Analysis of the ACF and PACF graphs of the closing price series reveals some important trends. The ACF chart highlights significant autocorrelation and potential non-stationarity, indicated by the non-exponential decay of values towards zero. To remedy this in the context of financial time series, a logarithmic transformation is often applied to capture the growth rate and stabilize the variance. This transformation can lead to a series with better stationarity. However, it is crucial to consider the specific characteristics of the data and the analytical requirements before applying this transformation. It is also advisable to assess stationarity in greater depth, in particular by means of the ADF test. In summary, the ACF and PACF graphs signal autocorrelation and non-stationarity in the closing price series, suggesting the usefulness of a logarithmic transformation. However, additional diagnostics, such as the ADF test, are recommended to confirm stationarity and guide subsequent modeling steps.
##
## Augmented Dickey-Fuller Test
##
## data: Close_Price
## Dickey-Fuller = -1.701, Lag order = 8, p-value = 0.7049
## alternative hypothesis: stationary
On the basis of the results, we are unable to reject the null hypothesis of non-stationarity. Consequently, the data do not provide strong evidence to support the presence of stationarity. This suggests that the
Close_Priceseries may exhibit non-stationary behavior.
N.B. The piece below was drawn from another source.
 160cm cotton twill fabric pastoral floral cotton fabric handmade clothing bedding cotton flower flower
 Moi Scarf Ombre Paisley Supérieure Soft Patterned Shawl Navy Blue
\[\text{Returns}_{i} = \frac{\log(\text{price}_{i}) - \log(\text{price}_{i-1})}{\log(\text{price}_{i-1})}, \quad i\in[2:590]\]
In this formula :
## [,1]
## 2021-01-05 -0.010213886
## 2021-01-06 -0.004195757
## 2021-01-07 0.006368443
## 2021-01-08 -0.002085688
## 2021-01-12 0.004654224
## 2021-01-13 -0.004338919
## [,1]
## 2023-04-27 0.002228353
## 2023-04-28 0.009489187
## 2023-05-02 -0.008989383
## 2023-05-03 -0.002370333
## 2023-05-04 -0.001694835
## 2023-05-05 -0.002020843
## An xts object on 2021-01-05 / 2023-05-05 containing:
## Data: double [589, 1]
## Index: Date [589] (TZ: "UTC")
## An xts object on 2021-01-04 / 2023-05-05 containing:
## Data: double [590, 1]
## Index: Date [590] (TZ: "UTC")
ARMA models can be extended to non-stationary series by allowing the data series to be differentiated, resulting in ARIMA models. The \(ARIMA(p,d,q)\) model is a general non-seasonal model with three parameters: \(p\) is the autoregressive order, \(d\) is the degree of differentiation and \(q\) is the moving average order. The \(ARIMA(p,d,q)\) model is expressed mathematically using lag polynomials as follows:
\[\phi_p(B)(1-B)^dY_t=\theta_q(B)\varepsilon_t,\;\;\Big(1-\sum_{i=1}^p\phi_iB^i\Big)(1-B)^dY_t=\Big(1+\sum_{j=1}^q\theta_jB^j\Big)\varepsilon_t\]
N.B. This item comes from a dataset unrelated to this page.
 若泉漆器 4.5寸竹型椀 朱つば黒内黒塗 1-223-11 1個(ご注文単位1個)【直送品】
The Box-Jenkins (1970) methodology for time series analysis, named after statisticians George Box and Gwilym Jenkins, uses ARIMA models to identify the best fit of a time series model to the past values of a time series. The figure below illustrates the four iterative stages of modeling using this approach.
Model identification: Ensure that the variables are stationary, identify seasonality in the series, and identify which autoregressive or moving-average component should be implemented in the model using the ACF and PACF plots of the series.
Model estimation: Using computational algorithms, find the coefficients that best fit your chosen ARIMA model. Maximum likelihood estimation (MLE) or non-linear least squares estimation are the most common methods.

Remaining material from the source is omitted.